In place of once thriving panther habitat are sprouting high-rise condominiums clad in Miami Oolite—a limestone with dramatic displays of extant and extinct fossilized corals, urchins and mollusks. The riprap surrounding these oceanfront constructions, also made of oolite, are used to protect against the scour of climate change induced tropical storms and imminent sea level rise. Ironically, Miami is a metropolis built atop an ancient coral reef (see Pleistocene), with an infrastructure constructed from concrete made of fossilized coral aggregate. Such conundrums of the coral city have spurred another shocking plot twist as they become home to a quickly evolving hybrid coral. Despite the highly acidic and warming waters surrounding this leaching metropolis, the fossil-filled stone provides homes for a new strain of anthropogenic resistant coral. The buildings and the organisms are all coral, extant and extinct simultaneously. These hardy corals, recently discovered by NeoPunk artist and scientist Colin Foord thriving in the busiest shipping lane in the “Cruise Capital of the World,” provide a flummoxing spectacle of nature’s adaptability. They hybridize and adapt to rising heat and polluted runoff within a single generation. Though not a call for celebration, this discovery is a humbling brick through humans’ myopic window of evolution. Preconceptions of the rate of evolutionary change here come face to face with late capitalism’s accelerated dance of extraction and consumption, knowingly rendering us functionally extinct in the process.

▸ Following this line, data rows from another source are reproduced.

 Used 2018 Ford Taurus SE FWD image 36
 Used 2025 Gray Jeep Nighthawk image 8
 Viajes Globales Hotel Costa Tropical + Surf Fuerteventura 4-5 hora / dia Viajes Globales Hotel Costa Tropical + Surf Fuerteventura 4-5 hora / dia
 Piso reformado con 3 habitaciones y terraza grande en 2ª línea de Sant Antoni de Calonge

Fueled by a plethora of mosquitos, the blackpoll will depart this southern petri dish of speciation. Once firmly inside the Appalachian ridgeline, the blackpoll would slalom between mountain peaks with newfound ease, as many of these mountains have been reduced from mountaintop removal mining. Upon arrival in the nation’s capital, tourists and protesters alike could spot these distinctive black-capped songbirds along the National Mall gorging on caterpillar infestations high in the promenades of oaks. Depending on the tailwinds in those April nights, it might arrive early in the forest thicket known as the Ramble. This wild garden in Central Park is the “Manhattan” of migratory songbirds, which is fortuitously located in Manhattan. Approximating a dense woodland of the Catskills, the Ramble, like all of Central Park, is a manmade construction of nature. It is estimated that the amount of earth moved to sculpt Central Park would have filled enough wagons to stretch from NYC to Miami and back.

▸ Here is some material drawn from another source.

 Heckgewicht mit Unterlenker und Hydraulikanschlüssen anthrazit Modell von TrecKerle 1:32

Feasting on urban lepidopterans, the blackpoll might do a flyover of the Brooklyn Bridge, where a 200-year-old sturgeon is said to still live beneath its eastern tower. From there it is only two-day’s flight to the Canadian side of Niagara Falls, following the 74th meridian, then west to the 93rd. The abyss of Canada’s northern interior will be its breeding ground come May—making appearances in the suburban lawns of Winnipeg and Calgary, en-route to its proverbial oyster: Nunavut and the Yukon.
In these boreal forests, some 20,000 years ago, the blackpoll would have been sitting atop three-kilometer-thick ice. This ancient Laurentide Ice Sheet carved and sculpted the phenological clock that guides the daily movements of our avian friend by changing the Earth’s wobble, and its ensuing seasons. Gone for thousands of years, the vanished mass is still causing the Earth’s mantle to readjust, pulling the spin of the planet’s axis toward Canada a few extra inches each year. Now with the loss of Greenland and Antarctica’s melting ice sheets (see climate change), the spin of the Earth’s axis is moving further east, changing the seasonal clock at an even faster clip, hastening our warbler’s southward yearning. The autumnal exodus of the blackpoll to its southern wintering grounds has never been a fixed date engraved in stone, but is as dynamic and in flux as that of the North American continental crust afloat on the Earth’s mantle.